See also query section in the FAQ:
http://jackrabbit.apache.org/frequently-asked-questions.html

regards
  marcel

> I have another problem....When the text is being extracted, in xls, odt,
> odp, and ods files  works fine, but in pdf, xml, txt, rtf , doc, ppt doesnt
> :(
> No text is extracted in this last file types. If some one could help me wiht
> that...
> 
> Thanks
>

Re: Search in binary Content

Posted by Jukka Zitting <ju...@gmail.com>.

Hi,

On Wed, Mar 5, 2008 at 7:10 PM, Prakash Reddy K. L. V.
<Pr...@sun.com> wrote:
>  I am sorry for giving out the wrong info but I somehow have this vague
>  memory of reading somewhere that jackrabbit does not support this.

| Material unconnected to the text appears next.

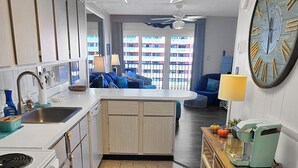 A compact kitchen with a central island, a dining area with a blue sofa, and a large wall clock. - Oceanview Midtown Condo with Pool! SS66500 (Ocean City)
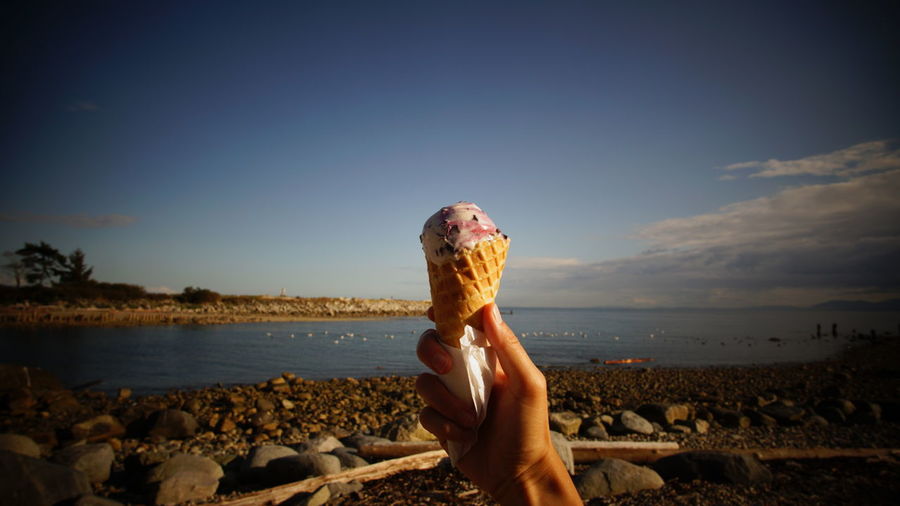 Woman holding ice-cream at beach against sky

No problem. The current binary indexing feature only supports a rather
specific category of binary properties, so I wouldn't be surprised if
there are claims that Jackrabbit doesn't support binary indexing in
general.

We have a feature request
(https://issues.apache.org/jira/browse/JCR-729) for adding support for
indexing all binary properties, but that depends on having code that
is able to automatically detect and parse the various types of
binaries. Currently we are hoping to use Apache Tika
(http://incubator.apache.org/tika/) for this purpose once the project
graduates from the Apache Incubator.

BR,

Jukka Zitting

Re: Search in binary Content

Posted by "Prakash Reddy K. L. V." <Pr...@Sun.COM>.

Hi Jukka,

I am sorry for giving out the wrong info but I somehow have this vague 
memory of reading somewhere that jackrabbit does not support this.
Thanks for clarifying this.

Sorry again.

Prakash

Jukka Zitting wrote:
> Hi,
>
> On Wed, Mar 5, 2008 at 4:15 PM, Prakash Reddy K. L. V.
> <Pr...@sun.com> wrote:
>   
>>  Jackrabbit does not support searching in binary content.
>>     
>
> It does, but there are certain restrictions before that happens.
>
> You need to put your binary content in a jcr:data property, and have a
> related jcr:mimeType string property with the exact MIME type of the
> binary data.
>
> Then, if you've configured the appropriate Jackrabbit text extractors
> in the repository configuration file and have all the required parser
> libraries (e.g. pdfbox for PDFs) available, Jackrabbit will index such
> binary properties.
>
> BR,
>
> Jukka Zitting
>

Re: Search in binary Content

Posted by Katia Santos <ka...@gmail.com>.

thanks Jukka,

I can now search in pdf binary content, but I still cant extract anything in
txt, rtf, xml, html, doc or ppt...and i dont know why! I have the text
extractors in worksapce configuration, and i have the mimetypes that are in
jackrabbit website, but it does not work. It´s not the query...its the
extractor, because no text is being extracted when the types are txt, rtf,
xml, html, doc and ppt. Is there any libraries that i dont know of for these
types of files?

If someone knows, please give me an hint :)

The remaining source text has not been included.